En medio de conversaciones como esa conocí a Lidia Silva. Le gustaba mucho el cine. No tenía trabajo. Vivía con su hermano. Tenía esa belleza especial que tienen algunas mujeres: no muchos hombres voltearían para mirarla en la calle, pero varios se quedarían sorprendidos. Era la persona más lúcida de todo el grupo, pero de una pureza alucinatoria. Estaba loca, pero cuerda. Era rara, pero honesta. Es una chica difícil de poner en un papel. Un día que se juntó el grupo a fumar tronchos y tomar ron en un parque (menudo plan para gente de nuestra edad) ella me comentó que había visto a Laura y a Dante. Supe que estabas con Laura, dijo. Le pregunté si conocía a Dante. Lo conozco, toca en el grupo de unos amigos. ¿Tú lo conoces? Mañana va a tocar su grupo. Pienso ir, podemos ir si quieres. Por mí perfecto, le dije. Pero nos tomamos un ron antes, dijo ella, y sonrío.

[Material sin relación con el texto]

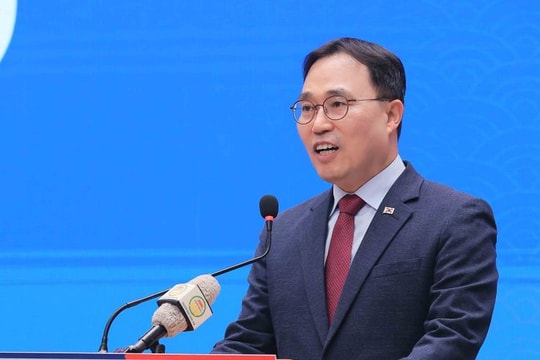 Đại sứ Choi Youngsam: Chuyến công tác tại Hàn Quốc của Chủ tịch nước Lương Cường có ý nghĩa to lớn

Fue bastante bien la cita con Lidia, en especial después de habernos tomado la botella de ron. Hablamos de jazz, traté de hablarle de películas, hablamos del silencio, le hablé de Rayuela. A ella le gustaba Rayuela. Coincidimos en que todas las relaciones del mundo deberían ser como Horacio Oliveira dice que era su relación con la Maga en los primeros capítulos. Aunque eso, admití, justificaría que pasen cosas como que la chica con la que vives se le ocurra fugarse un buen día con un pastrulo que no duerme y no tiene casa. Creo, pero estaba medio borracho, que ella me dijo así: “No te preocupes tanto, Horacio”. Y después hubo un cómodo silencio. Lo que hacen las mujeres.

En el concierto estaban Ramón, con sus amigos los pastrulos, y Ricardo, con sus amigos los otros pastrulos. Cuando me le acerqué a la filósofa pelirroja, para saludarla, la primera vez que le dije hola me ignoró y la segunda me miró con mucho odio. ¿No ves que están tocando los músicos?, me preguntó sin dejar de mirarme, y dijo que no le dejaba prestar atención. Hasta ese entonces no había mirado al escenario: estaba nervioso, esperaba que no pase, no quería mirar a Dante. Pero por la vergüenza miré y me di cuenta que él no estaba ahí. Me acerqué a donde Lidia, que conversaba con Ramón, y le pregunté por Dante. Hizo un gesto que no entendí. Después del concierto le volví a preguntar y me dijo que la siga, que nos tomáramos unas chelas con los otros miembros del grupo.

En la mesa los músicos hablaban acerca de las partes en las que se habían equivocado. Yo entendía lo que hablaban, sé un poco de música, así que pude reírme sin tener que pretender. En un momento le pregunté al tecladista, al que yo también conocía, si es que sabía algo de Dante. Puta nos cagó, men, me dijo. Me explicó que Dante se había ido con una chica con la que estaba saliendo a Argentina. ¿Hasta cuándo? le pregunté. Hasta cuándo será, dijo el tecladista y se terminó su vaso de cerveza. Por lo que sé, han alquilado un piso, y si Dante alquila un piso, pero dejé de escuchar porque yo sabía cómo seguía esa historia. Me paré y me fui al baño a vomitar. Y luego me fui caminando a mi casa. A la mitad del camino repasé toda la noche. Al llegar a mi casa me quedé dormido leyendo Rayuela.